Дурак недоверчив. Он убежден, что абсолютно все действия и помыслы человека продиктованы корыстью и злым умыслом, что они изначально порочны, что любовь, дружба, благородство, честность и порядочность придуманы философами, идеалистами, поэтами и писателями, то есть людьми, по его мнению, пустыми, лишними, ненужными, недалекими, по чистой случайности вознесшимися на вершину славы и понапрасну бременящими землю.
Дурак объяснит вам абсолютно все. Причем сделает это чрезвычайно логично.
Дурак холоден и равнодушен: если при дураке будут избивать ребенка или отбирать медяки у нищего, он отвернется и пройдет мимо.
Дурак не способен на высокое чувство. Он не может любить. Но изображает любовь достаточно достоверно, и, поскольку неплохо разбирается в человеческих слабостях, он умеет играть на чувствах другого человека, дураком не являющимся. Дурак (чаще дура) способен внушить к себе любовь.
Можно сказать, что дурак завоевывает мир. Если уже не завоевал.
Дурак все опустил до своего уровня. Он упростил человеческие чувства, доведя их до почти звериных инстинктов. Какие там Петрарка, Данте, Толстой и Достоевский!
Говорят, что самая страшная разновидность дурака — это дурак с инициативой. Уточним, каждый дурак воинственно инициативен. Он ко всем лезет с советами. Негодует, если его не слушают.
Иногда, в редчайших случаях, дурак способен на революционное перерождение: под воздействием неких неведомых сил он в один прекрасный день на горе себе вдруг осознает, что он дурак.
Это его настолько ошеломляет, что преображенный дурак теряет сон и покой.
Каждому из нас приходилось видеть несчастных, которые с отрешенным видом часами смотрят в окно или застывают как изваяния на парковых скамейках, устремив печальные глаза поверх голов праздных гуляк.

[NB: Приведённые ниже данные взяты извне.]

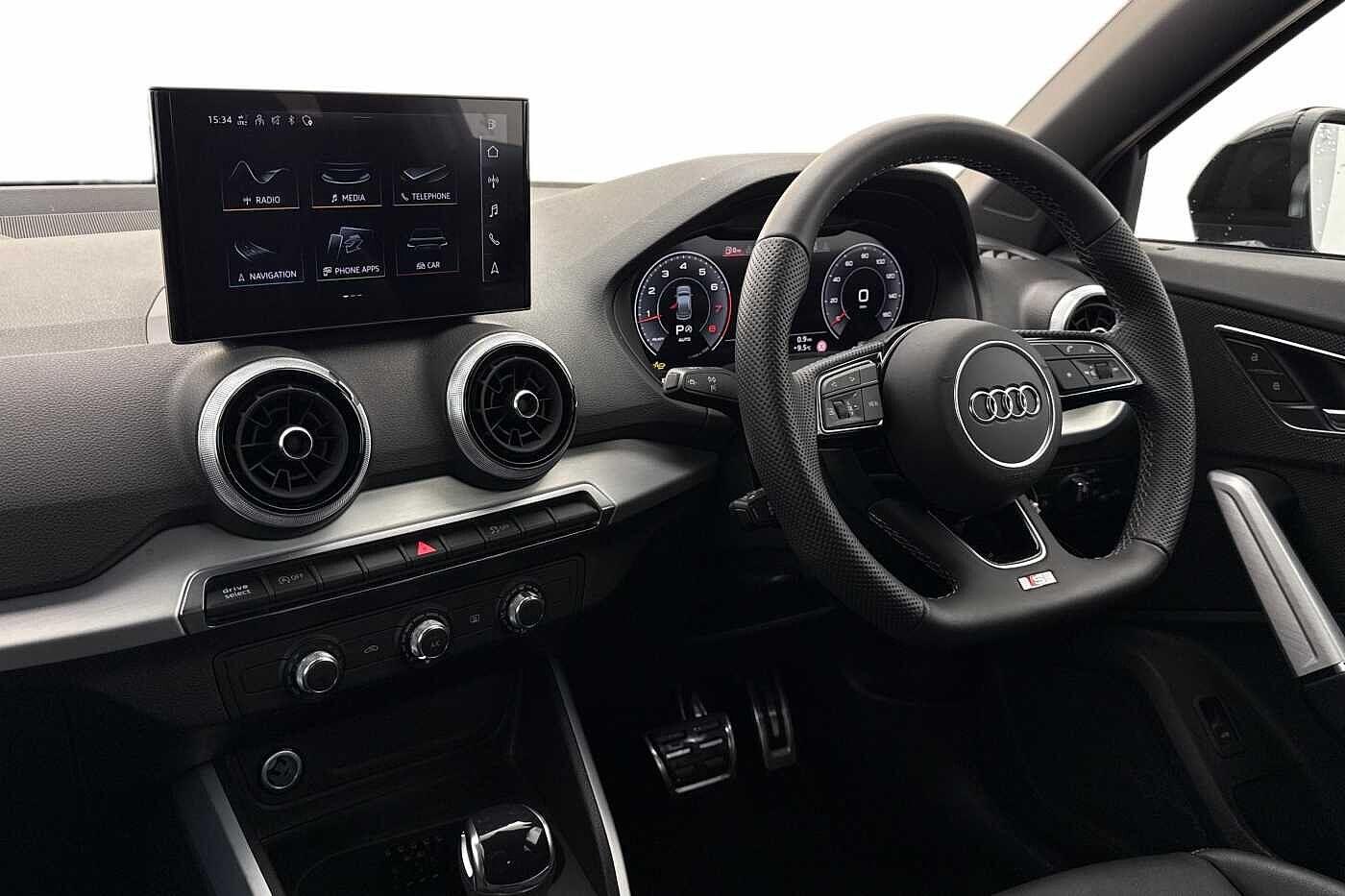 Used Audi Q2 2025 for sale - 77187536: Photo 2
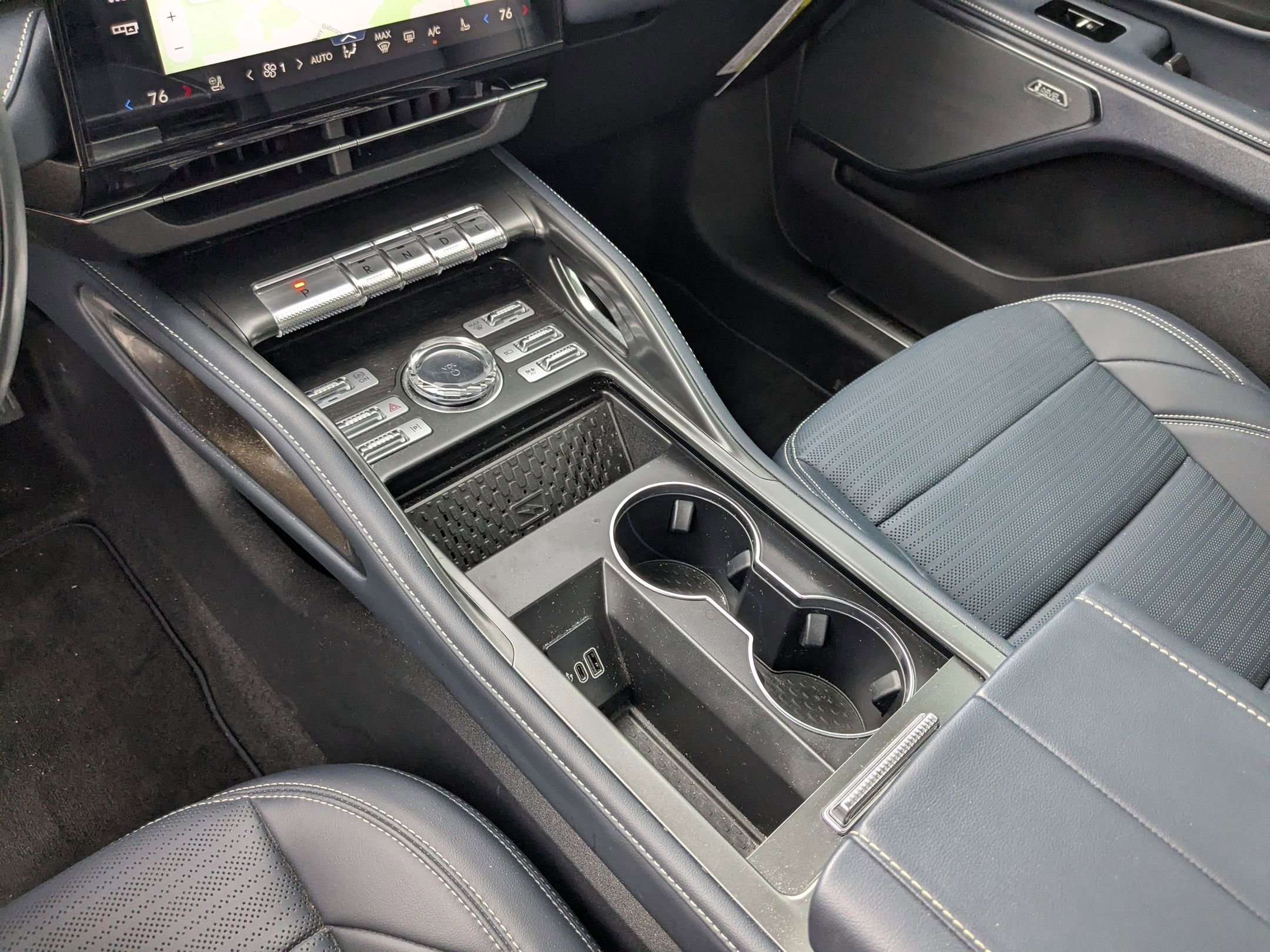 Used 2025 Lincoln Nautilus Reserve image 19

У них вид людей, которые сосредоточенно пытаются обрести новые для себя нравственные опоры и выстроить ценностный ряд, который на самом деле давно выстроен теми, кого они прежде и в расчет не брали.
Эти несчастные — бывшие дураки, находящиеся на перепутье. Они вышли из одной человеческой категории, но не пришли к другой, которой я еще не придумал названия.
Как ни странно, мои надежды связаны именно с этими людьми. Может быть, преображенный дурак поможет улучшить мир, который скептики еще со времен Раннего Средневековья традиционно называют выгребной ямой и который является колыбелью, как для дураков, так и для тех, кто им противостоит.
* * *
…Пока я принимал душ и одевался, Карл подогнал машину к отелю. Он намеревался после завтрака с поколесить по окрестностям, чтобы проветрить мозги после вчерашнего. Почти одновременно к отелю подкатило такси с зальцбургскими номерами. В нем находилось юное создание с длинными льняными волосами.
Несколько слов об этом создании. Это была девушка по вызову.
Юное создание носило имя создательницы незабвенного образа Эркюля Пуаро. Агата, — допускаю, что ее, как и Аделаиду, на самом деле звали иначе, — была направлена мне московским агентством "Глобус", к которому я однажды уже обращался.
Когда у тебя есть деньги и когда тебе лень тратить время и силы на осаду какой-нибудь обворожительной капризули, то хорошо испытать себя в деле с многоопытной профессионалкой, которая по твоему желанию будет играть какую угодно роль.
В прошлом году я едва не повторил ошибки одного из персонажей Ричарда Гира, влюбившегося в проститутку. Мне прислали девушку, с которой я провел во Флоренции три незабываемых дня.
Флоренция создана для того, чтобы губить нежные, доверчивые души. В этом отношении Флоренция опасней Венеции. Страшный город. В нем можно раствориться, как растворяется сахар в стакане с кипятком. Раствориться и стать его частью.
Этот город притягивает. Уже на второй день мне захотелось поселиться в нем навечно. И если бы не жара, которая царит здесь чуть ли не шесть месяцев в году, я бы, возможно, купил во Флоренции квартирку или домик.
Окна моего гостиничного номера смотрели на площадь Республики. По утрам я выходил на балкон и подолгу стаивал там.
Слева, над крышей гостиницы "Савой", парил в безумном мареве, похожий на крышку гигантской масленки купол собора Санта Мария дель Фьоре. Справа, метрах в трехстах, высилась башня Арнольфо, будто высеченная из единого куска камня. Я любовался всей этой прелестью, курил и ждал, когда проснется моя подруга.
Я не противился чувству. Вернее, его искусному суррогату. Суррогату счастья. Похожему на рекламу конфет.